Haiti offer message of hope to desperate nation

A humanitarian crisis provides the backdrop to the success of a resurgent team who are inspired by their head coach

Sébastien Migné’s experience might have got him the interview, but it was not what landed him the job. He met most of the criteria that the committee tasked with appointing the next head coach of Haiti had set. He had been a head coach. He had worked at big tournaments. But what made him stand out was that, when they laid out the unique challenges of the role, he did not flinch.

Admittedly, the circumstances of the interview would have forewarned the 53-year-old Frenchman about the nature of the job. When he spoke to the Haitian Football Federation (FHF), in June 2024, it was over Zoom: the threat of violence in the country’s capital, Port-au-Prince, meant it was not safe for him to travel to meet them in person.

Even being willing to discuss it, then, cleared a significant hurdle. “He had worked in difficult situations before,” said Jérôme Salbert, a French-Guadeloupean agent who helped the FHF with its search. “He had managed Equatorial Guinea, been an assistant in Syria and the Democratic Republic of Congo. It did not worry him.”

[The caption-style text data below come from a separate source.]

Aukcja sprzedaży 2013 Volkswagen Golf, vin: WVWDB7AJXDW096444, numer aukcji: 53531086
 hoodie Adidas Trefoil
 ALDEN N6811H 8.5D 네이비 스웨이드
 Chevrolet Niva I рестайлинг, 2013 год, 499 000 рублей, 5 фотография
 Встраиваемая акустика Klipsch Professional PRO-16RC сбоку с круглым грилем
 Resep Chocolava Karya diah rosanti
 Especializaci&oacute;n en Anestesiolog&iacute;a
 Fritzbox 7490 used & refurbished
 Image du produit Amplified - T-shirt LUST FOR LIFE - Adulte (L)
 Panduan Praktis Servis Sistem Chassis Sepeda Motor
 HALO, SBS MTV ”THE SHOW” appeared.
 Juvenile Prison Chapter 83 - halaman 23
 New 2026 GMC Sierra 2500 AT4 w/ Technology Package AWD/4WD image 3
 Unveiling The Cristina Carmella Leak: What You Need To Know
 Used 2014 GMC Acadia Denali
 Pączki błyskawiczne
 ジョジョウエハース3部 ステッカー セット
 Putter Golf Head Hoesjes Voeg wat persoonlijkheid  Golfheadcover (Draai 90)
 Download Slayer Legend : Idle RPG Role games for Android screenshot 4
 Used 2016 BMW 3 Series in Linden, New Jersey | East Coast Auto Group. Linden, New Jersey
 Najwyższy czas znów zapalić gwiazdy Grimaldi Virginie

Still, Haiti was an extreme case. Migné’s task would not just be to take the nation to the World Cup for the first time since 1974, but to do so from what is essentially an enforced exile. The security situation meant he would have to manage the country from afar while the team played all their qualifying games elsewhere. He took the job anyway.

Within two years, he had fulfilled his brief. Haiti qualified for the World Cup in November, and play their first game at the tournament for more than half a century against Scotland in Boston on Sunday. Migné is a hero in a country he has never visited.

The World Cup is never short of remarkable underdog stories, of course, but it is almost impossible to underestimate the scale of the achievement of Migné and his players merely in reaching the tournament.

The crisis in Haiti ranks as one of the world’s worst humanitarian disasters, according to the International Rescue Committee. Armed gangs control as much as 90% of Port-au-Prince. The government’s attempts to wrest control from the gangs using drones and airstrikes have led to thousands of civilian deaths.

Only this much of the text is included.